As we quickly approach National Poetry Month, I have begun to think about poetry and all of its different forms. A form that I keep coming back to is the prose poem and how it has really begun to blur the line between the poem and flash fiction. No one knows this distinction quite as well as J. Bradley. He is the author of the new collection of poems, Dodging Traffic which was released by Ampersand Books last October. Bradley writes from the heart, but it is a heart filled with booze and a little rage.
J. Bradley will be reading at Quimby’s on April 5th and I thought it was the perfect time to ask him a few questions about the book and his tour.
Chicago Subtext (CS): What can you tell the average Chicago reader about Dodging Traffic?
J. Bradley (JB): Dodging Traffic is a coming-of-age love story fueled by failure, Jameson, and an innocence that never quite went away. I dedicated it to my wife because she has had such an influence on me and my writing and a good deal of the poems in the collection are about her and our relationship.
CS: In her glowing review of your collection Theresa Houle aluded to the bluring of the lines between Poetry and Flash Fiction. Do you feel there is still a defined difference between the two genres?
JB: Longer poems based on my experience in the poetry slam setting blur the line between flash and poetry because longer poems tend to rely on storytelling elements to convey their message. I think there’s still a defined difference because you can get away with certain things in flash that you can’t get away with in poetry and vice versa.
CS: You founded the Broken Speech Poetry Slam. Is there a difference in your style when reading on this book tour compared to reading at Broken Speech?
JB: The difference between my style at Broken Speech and at a feature is a) I get to perform a wider variety of work and b) I get to engage the audience for longer than three minutes. I’ll thrown in shorter poems and some flash fiction in my recent sets and its gotten a really good response. I’m into live concerts and I love a good show and I take that mentality when I perform my work, a literary rock show but without the pyro and the binge drinking during. I live to do really good shows.
CS: Speaking of Book Tour, why Chicago and why Quimby’s?
JB: I was in Chicago for the 2003 National Poetry Slam as a member of Team Orlando and the Nerd Slam that year was hosted by Shappy at Quimby’s and I fell in love with Quimby’s. It was the perfect place to do poems about video games, comic books, and Star Trek. I’ve also watched how the poetry scene in Chicago has grown over the last few years, especially The Encyclopedia Show, and that’s made me love the city even more. My impression is that there is so much talent in the city but they also like to have fun and don’t take themselves too seriously. Quimby’s, for me, is almost like a welcome back show and I’m glad they’re letting me read there.
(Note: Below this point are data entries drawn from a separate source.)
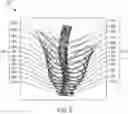 Fig. 09 - Systems and methods for automated distortion correction and/or co-registration of three-dimensional images using artificial landmarks along bones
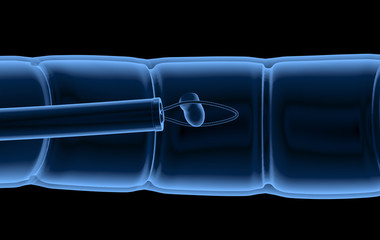 x-ray polyp removal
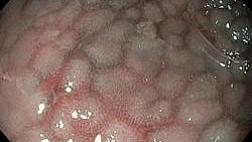 “Cobblestone esophagitis” (эзофагит со слизистой булыжной мостовой)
CS: You recently became the interview editor for Pank Magazine? How did you become involved with them and what will you be doing?
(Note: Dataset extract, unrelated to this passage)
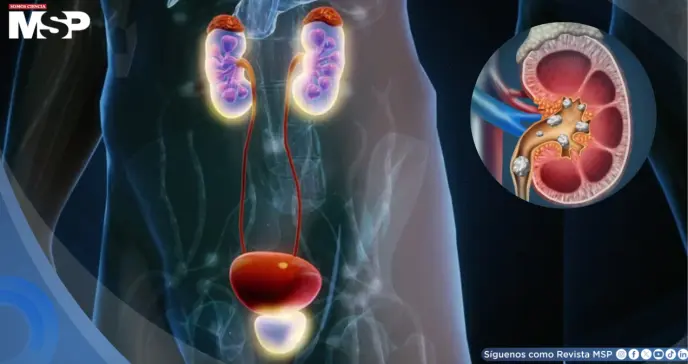 ¿Urgencia repentina de orinar? Conoce los tipos de incontinencia urinaria, síntomas y cómo tratarlos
JB: I first got with PANK when they published my epic poem, “How Esmeralda Estrus Got Her Revenge”. There was a call for copy editors to work with PANK and I wasn’t their first choice. When their first choice dropped, Roxane Gay (co-editor of PANK) asked me if I was still interested in copy editing. One of the perks of working with PANK was I got to interview people every so often so I wrote all of the interview questions for the contributors in the November issue and I had a blast doing it. At the time, the copy editing and the interviewing rotated among copy editors. Eventually, Roxane had me just interview the contributors of a particular issue and not copy editor. With all of the good feedback PANK got about the interviews from the contributors, Roxane asked me if I would be interested in doing all of the contributor interviews and additional interviews I thought of doing for PANK’s blog for each month’s online issue. Once I said yes, I was knighted as Interview Editor. I really love what I do. I get to read some of the best writing in the country and ask writers unconventional questions.